*WORK ORDER*:
"Sirius Dice: Semi-Translucent" appears in one line; retype that line and all lines following it through the end of the records, with nothing left out or added.

======== PROVIDED RECORDS ========

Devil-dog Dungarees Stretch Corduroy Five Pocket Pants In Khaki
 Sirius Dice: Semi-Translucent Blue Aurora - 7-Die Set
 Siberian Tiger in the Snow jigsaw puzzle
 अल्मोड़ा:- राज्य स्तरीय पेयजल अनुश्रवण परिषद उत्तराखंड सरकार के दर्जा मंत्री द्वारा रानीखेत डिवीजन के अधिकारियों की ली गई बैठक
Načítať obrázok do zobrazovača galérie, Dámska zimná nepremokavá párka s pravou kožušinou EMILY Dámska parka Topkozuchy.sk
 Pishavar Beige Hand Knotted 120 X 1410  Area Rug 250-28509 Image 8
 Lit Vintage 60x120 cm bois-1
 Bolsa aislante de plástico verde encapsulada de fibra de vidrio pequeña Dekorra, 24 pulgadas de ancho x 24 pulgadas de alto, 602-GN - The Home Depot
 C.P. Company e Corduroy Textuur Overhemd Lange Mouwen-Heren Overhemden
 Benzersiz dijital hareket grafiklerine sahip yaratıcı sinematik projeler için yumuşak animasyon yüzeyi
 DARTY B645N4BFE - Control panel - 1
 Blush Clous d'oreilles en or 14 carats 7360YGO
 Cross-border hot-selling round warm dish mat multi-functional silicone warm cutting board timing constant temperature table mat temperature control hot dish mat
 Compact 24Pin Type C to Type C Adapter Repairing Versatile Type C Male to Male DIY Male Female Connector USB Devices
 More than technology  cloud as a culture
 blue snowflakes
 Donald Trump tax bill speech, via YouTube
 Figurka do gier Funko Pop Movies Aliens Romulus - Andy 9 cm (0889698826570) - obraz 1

========

*EXERCISE RESPONSE*:
 Sirius Dice: Semi-Translucent Blue Aurora - 7-Die Set
 Siberian Tiger in the Snow jigsaw puzzle
 अल्मोड़ा:- राज्य स्तरीय पेयजल अनुश्रवण परिषद उत्तराखंड सरकार के दर्जा मंत्री द्वारा रानीखेत डिवीजन के अधिकारियों की ली गई बैठक
Načítať obrázok do zobrazovača galérie, Dámska zimná nepremokavá párka s pravou kožušinou EMILY Dámska parka Topkozuchy.sk
 Pishavar Beige Hand Knotted 120 X 1410  Area Rug 250-28509 Image 8
 Lit Vintage 60x120 cm bois-1
 Bolsa aislante de plástico verde encapsulada de fibra de vidrio pequeña Dekorra, 24 pulgadas de ancho x 24 pulgadas de alto, 602-GN - The Home Depot
 C.P. Company e Corduroy Textuur Overhemd Lange Mouwen-Heren Overhemden
 Benzersiz dijital hareket grafiklerine sahip yaratıcı sinematik projeler için yumuşak animasyon yüzeyi
 DARTY B645N4BFE - Control panel - 1
 Blush Clous d'oreilles en or 14 carats 7360YGO
 Cross-border hot-selling round warm dish mat multi-functional silicone warm cutting board timing constant temperature table mat temperature control hot dish mat
 Compact 24Pin Type C to Type C Adapter Repairing Versatile Type C Male to Male DIY Male Female Connector USB Devices
 More than technology  cloud as a culture
 blue snowflakes
 Donald Trump tax bill speech, via YouTube
 Figurka do gier Funko Pop Movies Aliens Romulus - Andy 9 cm (0889698826570) - obraz 1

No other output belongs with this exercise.